The framework has been designed to decouple data structures, kernel functions and learning algorithms in order to maximize the re-use of existing functionalities: as an example, a new kernel can be included in any existing algorithms, and vice versa.

KeLP can effectively tackle a wide variety of learning problems, including (multi-class, multi-label) classification, regression and clustering. KeLP supports XML and JSON serialization of kernel functions and algorithms, enabling the agile definition of kernel-based learning systems without writing additional lines of code.

KeLP is completely written in Java. Java has been selected as it is the main language in the enterprise development.  Moreover, in NLP/IR many tools are based on the Java language, such as Stanford CoreNLP, OpenNLP or Lucene. Thus, KeLP can be easily integrated in Java-based projects.

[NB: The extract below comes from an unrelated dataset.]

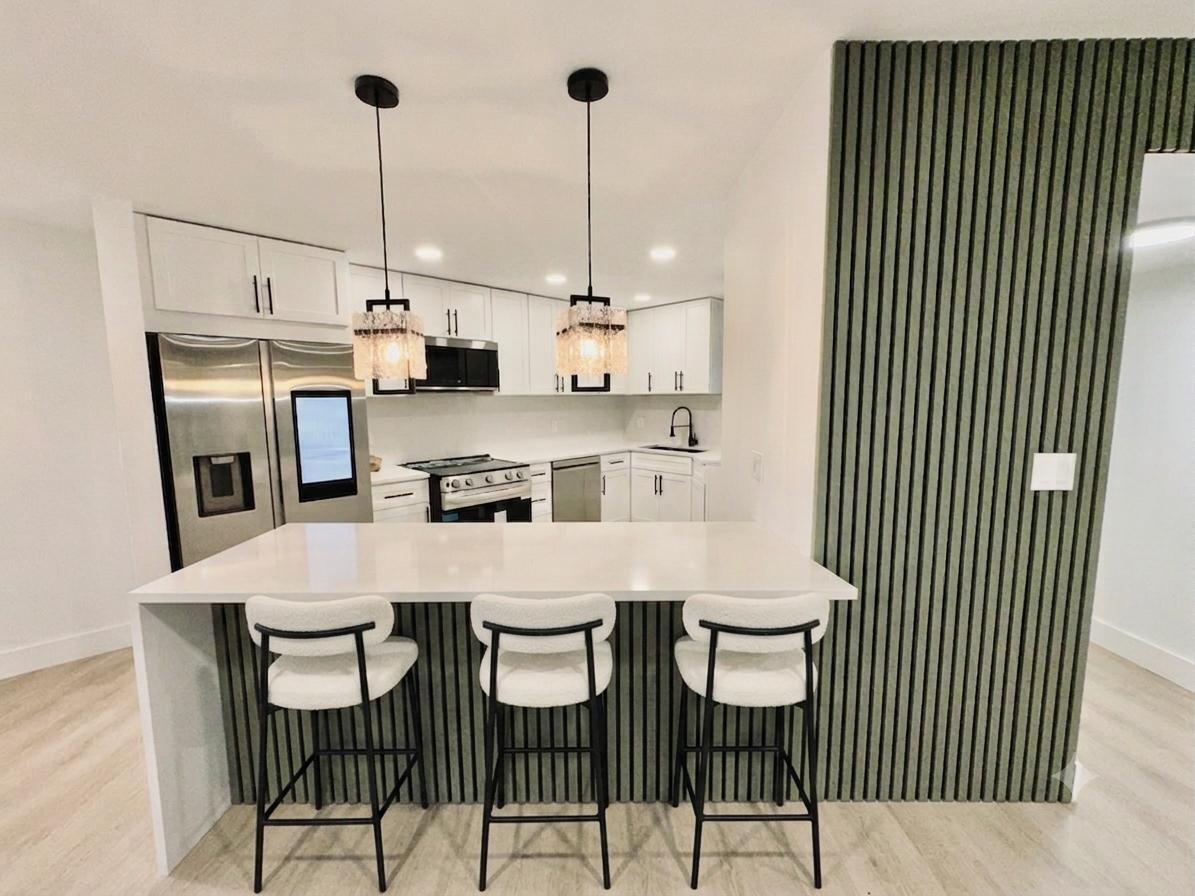 5900 Camino Del Sol, Unit 306 Boca Raton, FL 33433 - Photo 4 of 22 PHOTO-2026-06-25-08-18-37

Why Kernel-based Learning?

In Machine Learning (ML) instances are often represented as vectors in specific feature spaces, that have been defined beforehand: most of the existing ML platforms (e.g., Weka, LibSVM, scikit-learn) have been developed assuming instances have been already transformed in vectors. The definition of a feature space often requires a complex feature engineering phase. For example, in Natural Language Processing, syntactic information is crucial in many tasks, e.g., Semantic Role Labeling (Carreras and Marquez, 2005). Understanding which syntactic patterns should be captured is non-trivial and usually the resulting feature vector model is a poor approximation.
Instead, a more natural approach is operating directly on parse tree of sentences. Kernel methods provide an efficient and effective solution, allowing to represent data at a more abstract level, while their computation still looks at the informative properties of them. For instance, Tree Kernels take in input two syntactic parse trees, and compute a similarity measure by looking at the shared sub-structures.


References

Xavier Carreras and Lluıs Marquez. Introduction to the CoNLL-2005 Shared Task: Semantic Role Labeling. Proceedings of the Ninth Conference on Computational Natural Language Learning 2005.